Another promising move is that Hasbro has also signed a deal with video-game maker Electronic Arts (EA 0.60%) to produce digital apps of its popular board games. And with beleaguered online game company Zynga (ZNGA), it has a deal in place to make board games based on Zynga titles such as FarmVille and Words With Friends. If that goes well, it could reward both companies.
One reason you might steer clear of Hasbro is that it hasn't exactly been growing very rapidly in recent years. The company hasn't been firing on all cylinders, either, with the Battleship movie disappointing at the U.S. box office, though doing well abroad. Hasbro has been tying movies and games together for a while now, such as by selling toys based on the movies Thor and Captain America. Much of this activity stems from a smart deal Hasbro struck with Marvel Entertainment to sell products tied to its movies and comics. (Marvel is part of Disney (DIS -0.29%) now.)
Meanwhile, its girls division racked up a 17% gain in the last quarter, but the boys division lost 12%.
Some also worry about the fact that the vast majority of Hasbro's sales come from just three vendors: Wal-Mart, Target, and Toys R Us. That's a bit risky, as it gives the retailers more negotiating power and significant potential influence over Hasbro's fortunes.
Meanwhile, Hasbro has competition, most notably from Mattel (MAT 0.47%). In fact, it appears to be a perpetual runner-up to Mattel. As my colleague Andrew Marder pointed out, "While Hasbro is a $5 billion company with $4 billion in annual revenue, Mattel is a $13 billion company with over $6 billion in annual revenue. But second place isn't necessarily a bad place to be." Still, Mattel has been growing its revenue more briskly lately, especially abroad.

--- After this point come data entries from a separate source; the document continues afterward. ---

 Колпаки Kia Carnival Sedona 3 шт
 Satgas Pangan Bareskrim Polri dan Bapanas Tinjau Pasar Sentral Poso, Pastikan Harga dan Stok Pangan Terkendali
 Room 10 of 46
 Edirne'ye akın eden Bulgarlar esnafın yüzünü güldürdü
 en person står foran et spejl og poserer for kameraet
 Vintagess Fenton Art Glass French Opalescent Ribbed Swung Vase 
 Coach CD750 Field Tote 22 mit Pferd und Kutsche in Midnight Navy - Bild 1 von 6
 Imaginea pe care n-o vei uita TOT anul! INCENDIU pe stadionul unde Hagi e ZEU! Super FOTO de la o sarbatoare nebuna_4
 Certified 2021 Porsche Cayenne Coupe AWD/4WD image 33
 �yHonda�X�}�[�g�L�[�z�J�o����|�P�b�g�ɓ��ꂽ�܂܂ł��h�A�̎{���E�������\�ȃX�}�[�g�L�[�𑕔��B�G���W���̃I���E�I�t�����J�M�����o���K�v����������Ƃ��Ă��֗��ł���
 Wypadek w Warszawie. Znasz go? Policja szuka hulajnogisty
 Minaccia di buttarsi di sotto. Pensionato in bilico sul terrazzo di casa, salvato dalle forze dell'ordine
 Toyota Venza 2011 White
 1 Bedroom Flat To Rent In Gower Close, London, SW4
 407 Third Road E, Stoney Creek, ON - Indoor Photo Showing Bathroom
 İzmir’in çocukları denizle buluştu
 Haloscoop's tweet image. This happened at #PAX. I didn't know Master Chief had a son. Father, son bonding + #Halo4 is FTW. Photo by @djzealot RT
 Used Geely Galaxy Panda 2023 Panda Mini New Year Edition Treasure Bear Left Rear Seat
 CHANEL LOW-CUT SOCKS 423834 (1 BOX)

Given the reasons to buy or sell Hasbro, it's not unreasonable to decide to just hold off. You might want to wait for revenue to grow more briskly, for example, and for the company to boost its sales more domestically. You might also wait to see how the company does in the upcoming all-important holiday season.
You might also look into other game companies, such as those in the faster-growing video-game industry, such as Activision Blizzard (NASDAQ: ATVI), Take-Two Interactive Software (TTWO 0.37%), or LeapFrog Enterprises (LF.DL). The video-game industry has had its own share of troubles recently, with costs rising and console sales slumping, but Activision Blizzard has been doing well by focusing on online sales and on boosting its profit margins. Take-Two has had much success with its Grand Theft Auto franchise, and has much riding on its Borderlands 2 release. LeapFrog focuses on more educational fare for younger consumers, and its stock has surged some 152% over the past year. Its LeapPad 2, a tablet for kids, has been selling well.
I'm going to pass on Hasbro at the moment, but I'm generally optimistic about it and want to keep my eye on it. It may well end up in my portfolio one of these days. Everyone's investment calculations are different, though, so do your own digging and see what you think. Remember that there are plenty of other compelling stocks out there.